For A.I. to be democratized it actually needs to learn to be more aligned with human feedback and harmlessness.
So this also had broad implications as more HLAI and the pursuit of AGI intensifies in the years and decades to come:
AI supervision may be more efficient than collecting human feedback. It allows us to focus more on providing a small amount of legible, focused, high-quality oversight. There may also be ways for humans and AI systems to collaborate [Bowman et al., 2022] to provide better supervision than either can provide alone.
AI systems can already perform some tasks at or beyond human level (e.g. [Silver et al., 2017]), and over time more examples are likely to emerge. We need to develop methods now that can provide oversight for these powerful AI systems, and scaling supervision may be one possibility, if the capability level of the supervisor can scale proportionally with the capabilities of the actor, and the supervisor remains aligned with our intended goals and constraints.
Dialogue
They trained language assistants that are both helpful and harmless without using human feedback labels for harmlessness. They referred to the technique as ‘constitutional AI’ (CAI) since we used a ‘constitution’ consisting of human-written principles. We established two methods:
(1) Constitutional AI which ‘bootstraps’ a helpful RLHF’s instruction-following abilities to critique and revise its own responses so as to remove harmful content, and (2) RL with model-generated labels for harmlessness, which further improves harmlessness.
They used this method to train models that are both harmless and non-evasive, partially resolving an issue in [Bai et al., 2022]. By removing human feedback labels for harmlessness, they have moved further away from reliance on human supervision, and closer to the possibility of a self-supervised approach to alignment.
RLAIF
Anthropic A.I. may be among the leaders in self-supervised RL that is aligned to human feedback. Or how do you say it? ‘RL from AI Feedback’ (RLAIF).
Imagine an A.I. that can self-train to be more aligned to humans?

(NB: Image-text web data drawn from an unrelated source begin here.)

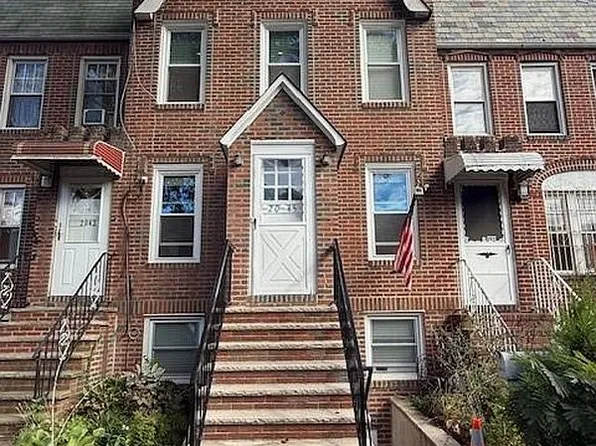 2045 E 28th St, Brooklyn, NY 11229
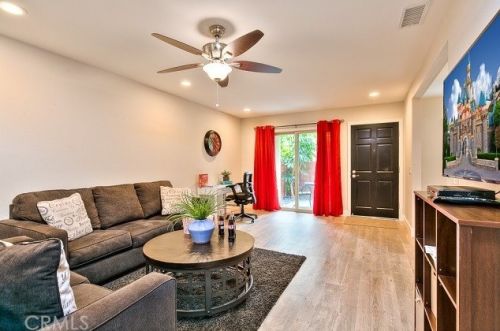 958 Lamark Ln, Anaheim CA  92802-3422 exterior
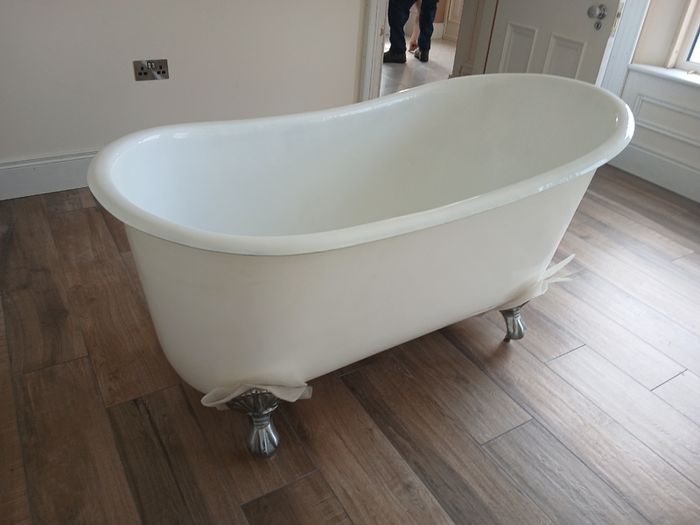 Cast iron bath. New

Importantly Anthropic A.I. used chain-of-thought reasoning (and prompting) [Nye et al., 2021, Wei et al., 2022] to augment model performance and make AI decision making more transparent.
Important Conclusions
As we pass from prompting, to RLHF, to the constitutional methods discussed here, we lower the barrier to training AI models that behave in ways their creators intend.
This means that these methods also make it easier to train pernicious systems. The supervised methods we have discussed may be particularly accessible, since they do not require an efficient RL implementation with large language models.
A.I. is going to get better at training to be more trustworthy, safe and less harmful.
Anthropic was formed to examine: how to better understand the AI models increasingly in use in every industry as they grow beyond our ability to explain their logic and outcomes.
Research: Jared Kaplan developed the main ideas in discussion with Yuntao Bai, Amanda Askell, and Saurav Kadavath, and Jared carried out some of the initial experiments. Yuntao developed the method further and designed and carried out most of the experiments in this paper. Amanda helped develop the initial experiments, and Sandipan worked on harmlessness scores and automated generation of prompts.
Considering the big scope of things, Anthropic A.I, seems to be doing important research.
I hope this gave you a valuable glimpse into what Constitutional A.I. is and what’s going on in terms of A.I. alignment, harmfulness and making accessible A.I. more safe, transparent and ethical. I don’t pretend to be an expert in this.
Language models (LMs) have seen wide proliferation across various applications, from chatbots to code completion to writing assistants. However, the behaviors and risks of LMs are not well understood. As we enter 2023 I think this will become more apparent than ever as the lack of regulation in A.I. intersects with Generative A.I. trends.
Sort of hilarious what you find out after the fact what I didn't know when I wrote this was SBF was the lead investor in their series B. At the time I couldn't understand how they were able to fundraise so well given their obscured mission statement.